A *DU* chain consists of a *definition* of a variable and all its *uses*, which are reachable from that *definition*. In Fig. 1, *def(a,0)* and its *uses*, use(a,2) and use(a,8) form a DU chain of variable *a*.

# B. Symbolic Analysis of Programs

In HW testing, BSF (Boolean switching function) is used to describe the relations between circuit's input and output logic variables. In SW testing, the code behavior can be described using a symbolic expression generated by symbolic execution [12]. To model a program using symbolic expression, we need to identify program's inputs and outputs. We use the notion of program's I/O streams to describe program's inputs from different sources and outputs to different destinations. These sources/destinations include disk files, user consoles, etc. The basic I/O streams, in JAVA for example [14], include byte streams, I/O from the command line, etc. In a program, we identify a set called program's input definitions (PID) and a set called program's output definitions (POD), which includes all definitions representing program's I/O streams. We identify PID and POD from program's specification. In Fig. 1, PID consists of def(a,0), def(b,0) and def(c,0); POD has the *definition* of the returned value at line 13, which is denoted as *def(retVal,13)*. We note that the value of *retVal* equals to the value of x at use(x, 13).

#### IV. OUR METHOD: SW D-ALGORITHM

SW D-algorithm is developed by building on the principles used in HW D-algorithm. But due to many differences between SW and HW, we must significantly extend several existing definitions and methods used in HW D-algorithm to adapt them to SW and develop new concepts and methods to capture special characteristics in SW. Due to the limited space, we cannot include all details and all possible cases; interested readers please refer to the following doctoral dissertation proposal [15].

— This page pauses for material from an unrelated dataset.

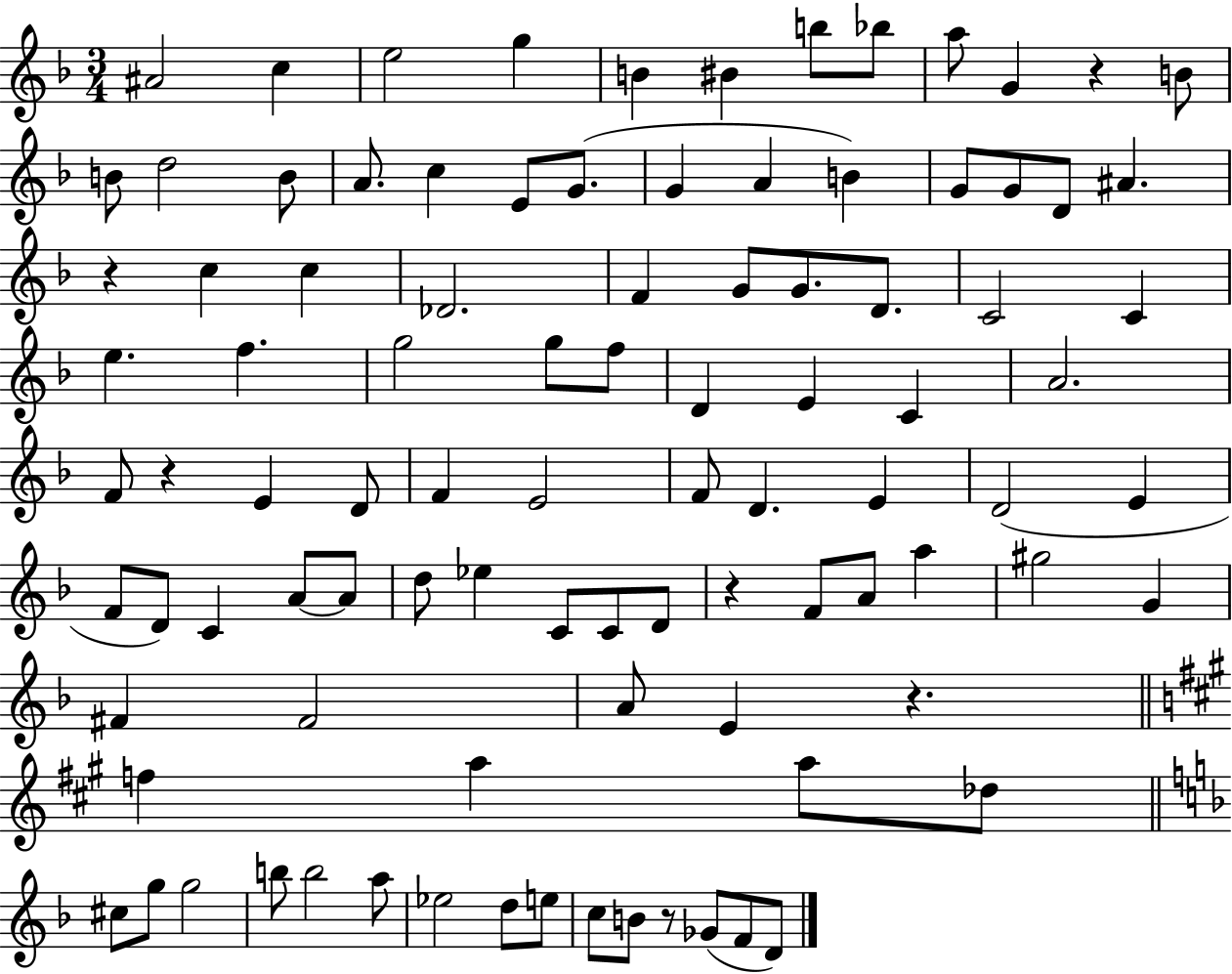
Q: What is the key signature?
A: F major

#### A. SW Representation for SW D-algorithm

We need to convert SW program to a form that is suitable for SW D-algorithm. Here we describe all essential components we use to represent a SW program. We note that currently we use loop unwinding to convert cyclic programs to acyclic.

1) Basic Block in SW – Minimal region of analysis (mROA)

In a HW digital circuit ATPG, each gate or line is treated as a basic block since its behavior can be captured strictly in terms of values at its input(s) and output(s), with or without any fault inserted within the block. In a SW, this is true for every individual non-conditional statement. However, the behavior of a conditional statement cannot be captured solely in terms of values at the conditional statement's value-inputs/outputs alone, since the execution of the statement determines not only the values at its outputs, but also which branch is taken.

To tackle this complication, we developed the new notion of *minimal region of analysis* (mROA) which must contain the

statement under study and a minimal number of additional statements. The goal is to confine any changes in the program flow (i.e., invocations) within the mROA. Here we use  $mROA_s$  to represent a minimal region of analysis for a statement *s*. The behavior of this part of the program - with or without a mutation in the statement *s* - must be captured only in terms of values at *inputs and outputs* (defined ahead) of the  $mROA_s$ .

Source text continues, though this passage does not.